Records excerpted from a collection
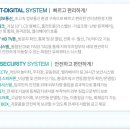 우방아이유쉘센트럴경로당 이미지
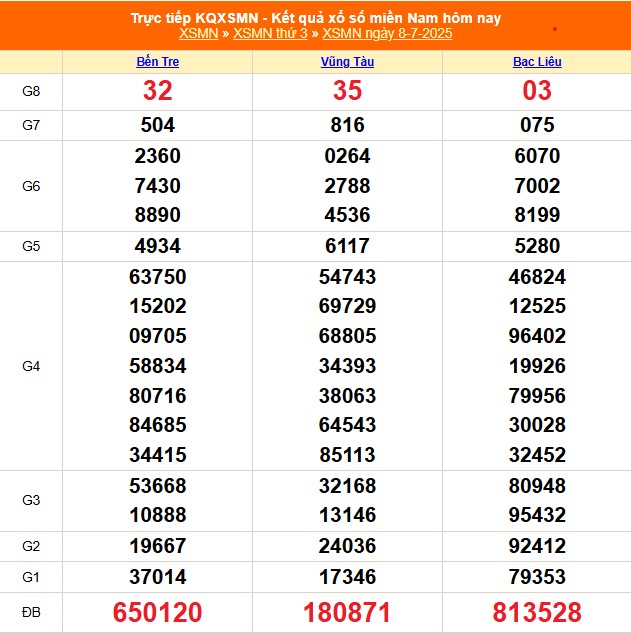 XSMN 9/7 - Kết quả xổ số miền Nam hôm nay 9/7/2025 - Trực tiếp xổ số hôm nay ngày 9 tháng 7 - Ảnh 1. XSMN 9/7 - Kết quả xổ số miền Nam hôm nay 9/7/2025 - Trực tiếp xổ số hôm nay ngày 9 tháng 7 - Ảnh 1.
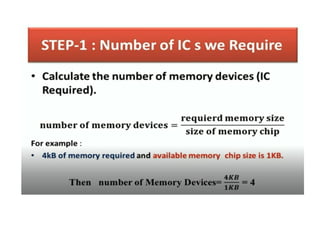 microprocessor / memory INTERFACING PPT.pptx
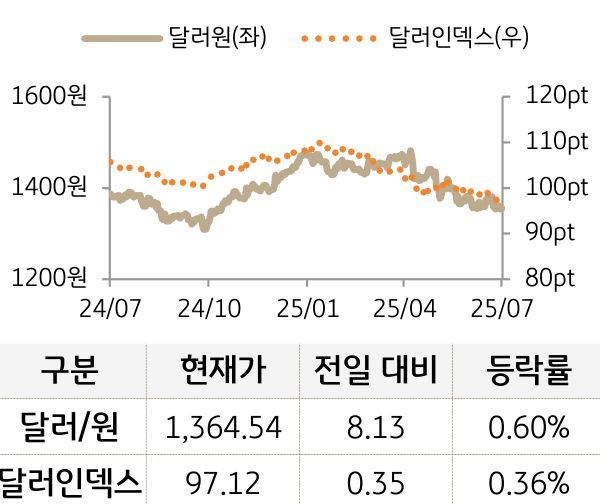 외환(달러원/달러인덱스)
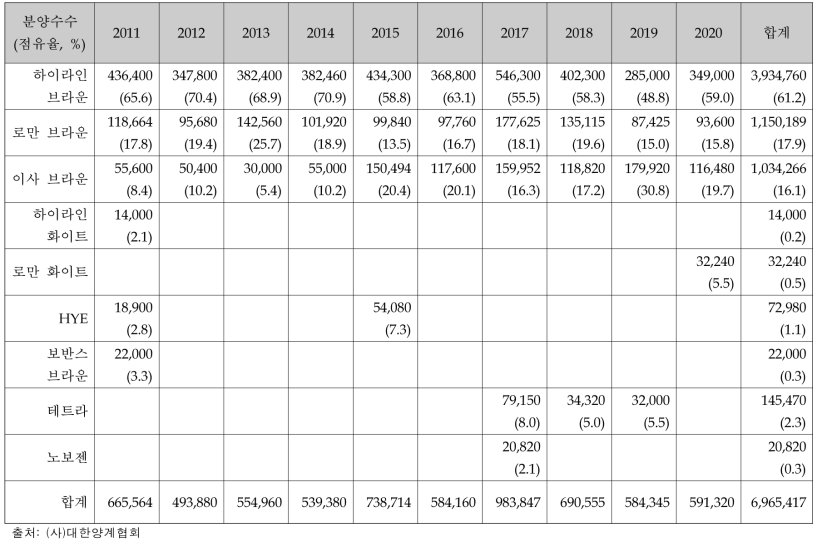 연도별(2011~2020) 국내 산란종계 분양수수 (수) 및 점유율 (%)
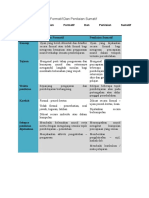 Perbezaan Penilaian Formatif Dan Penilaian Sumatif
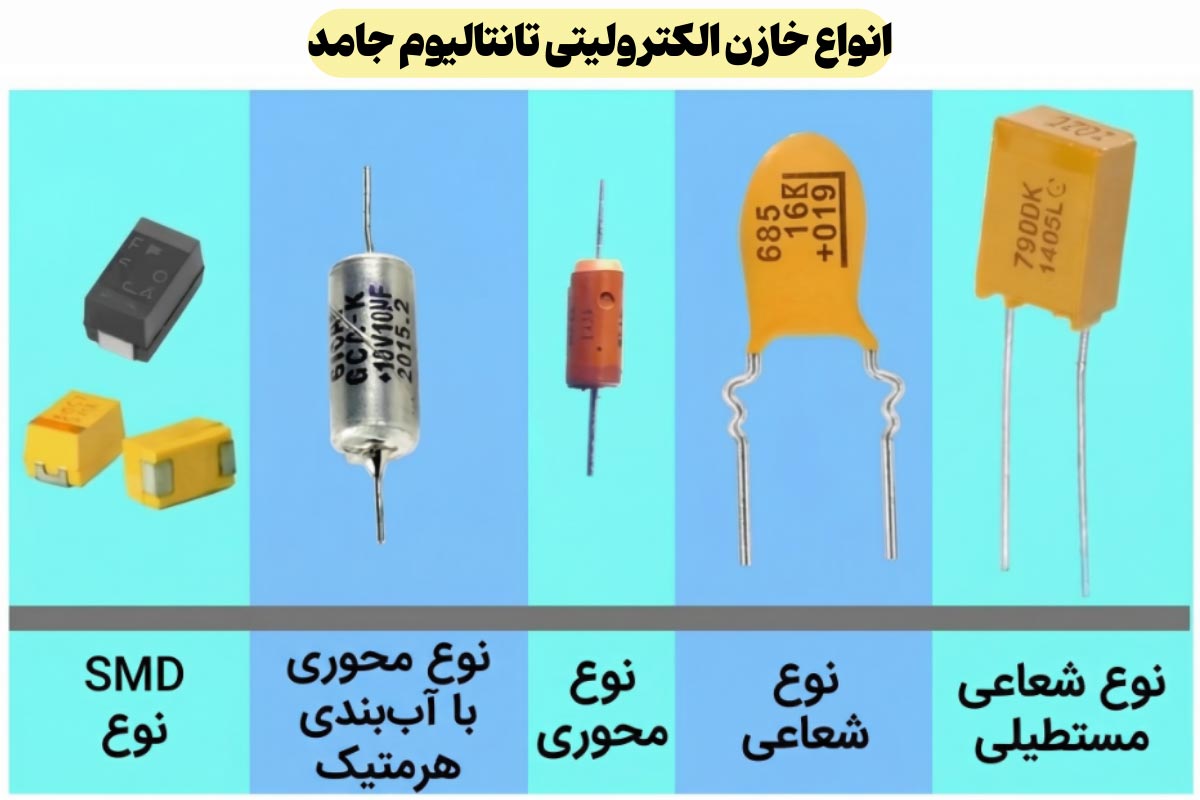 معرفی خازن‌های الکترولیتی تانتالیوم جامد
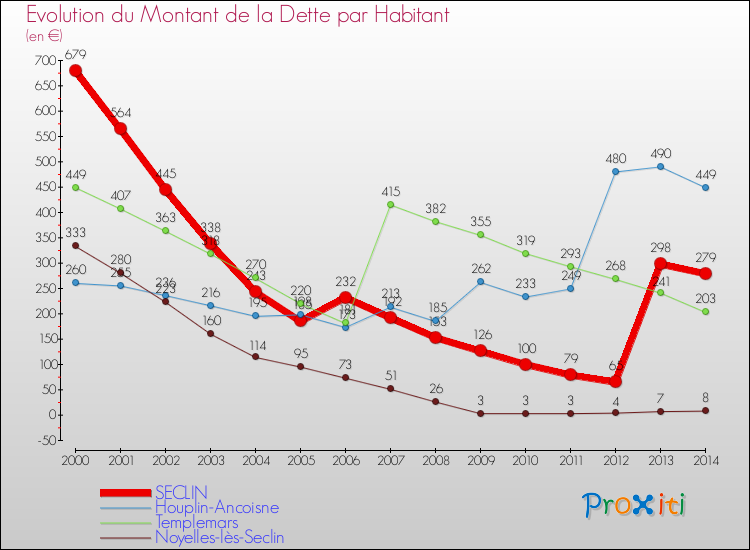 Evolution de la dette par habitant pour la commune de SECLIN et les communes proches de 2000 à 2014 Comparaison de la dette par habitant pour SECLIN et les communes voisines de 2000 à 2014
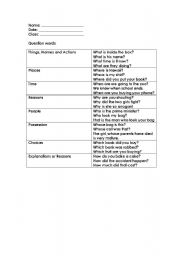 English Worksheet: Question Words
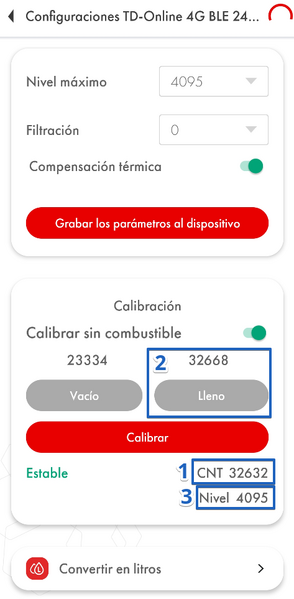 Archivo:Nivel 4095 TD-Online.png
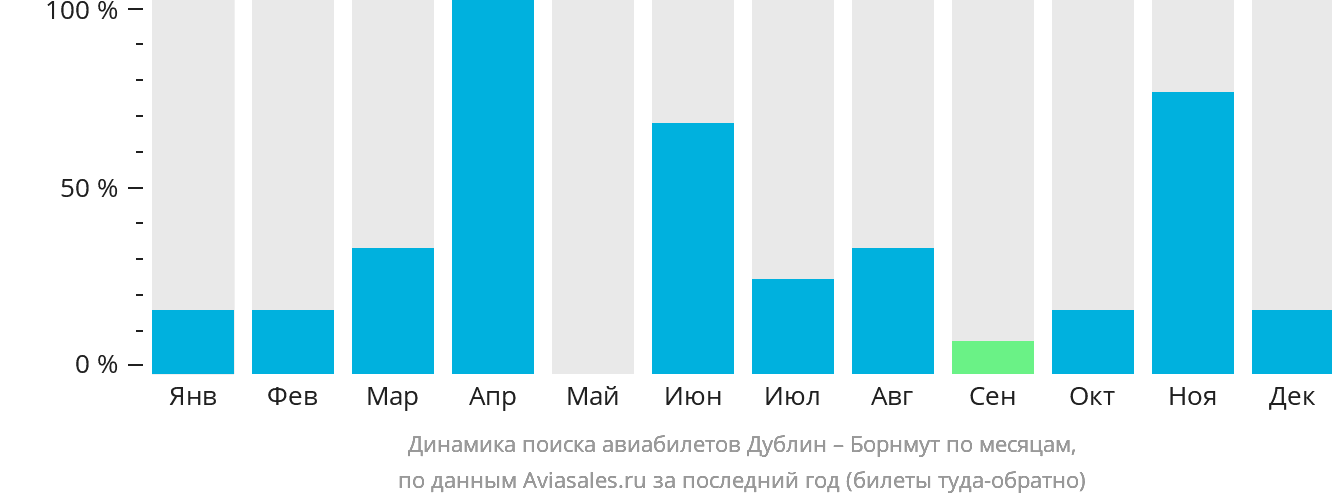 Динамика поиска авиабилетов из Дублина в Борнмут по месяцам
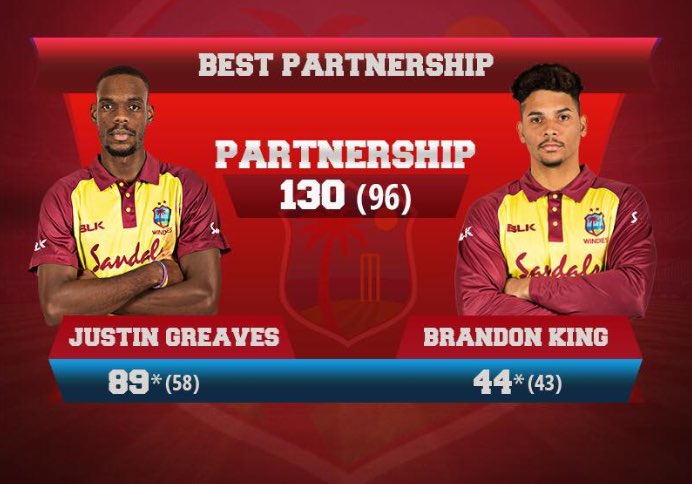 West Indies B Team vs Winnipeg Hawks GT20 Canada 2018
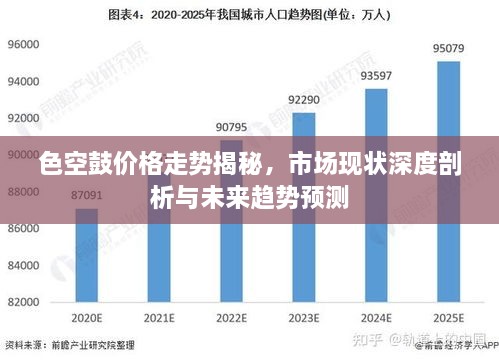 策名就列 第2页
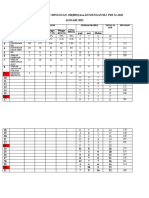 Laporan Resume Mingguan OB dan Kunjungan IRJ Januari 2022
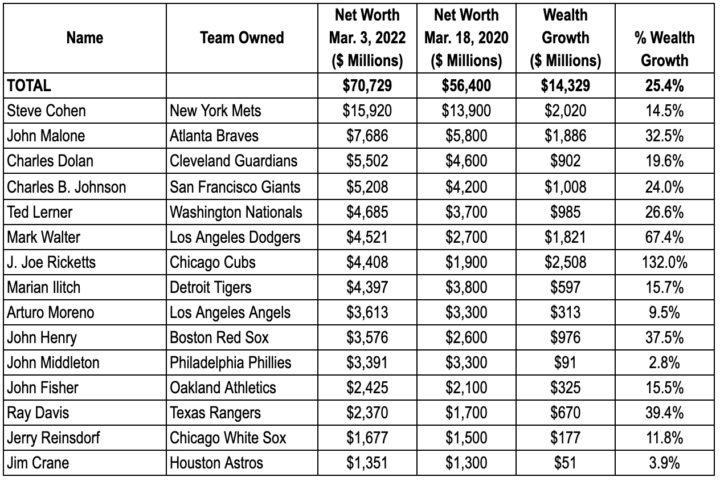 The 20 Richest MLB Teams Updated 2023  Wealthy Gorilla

▶ **What to produce**
What is wanted is an exact copy of the lines from the line with "Evolution de la" through the end of the records, both ends included, pictures excluded.

▶ **Your solution**
 Evolution de la dette par habitant pour la commune de SECLIN et les communes proches de 2000 à 2014 Comparaison de la dette par habitant pour SECLIN et les communes voisines de 2000 à 2014
 English Worksheet: Question Words
 Archivo:Nivel 4095 TD-Online.png
 Динамика поиска авиабилетов из Дублина в Борнмут по месяцам
 West Indies B Team vs Winnipeg Hawks GT20 Canada 2018
 策名就列 第2页
 Laporan Resume Mingguan OB dan Kunjungan IRJ Januari 2022
 The 20 Richest MLB Teams Updated 2023  Wealthy Gorilla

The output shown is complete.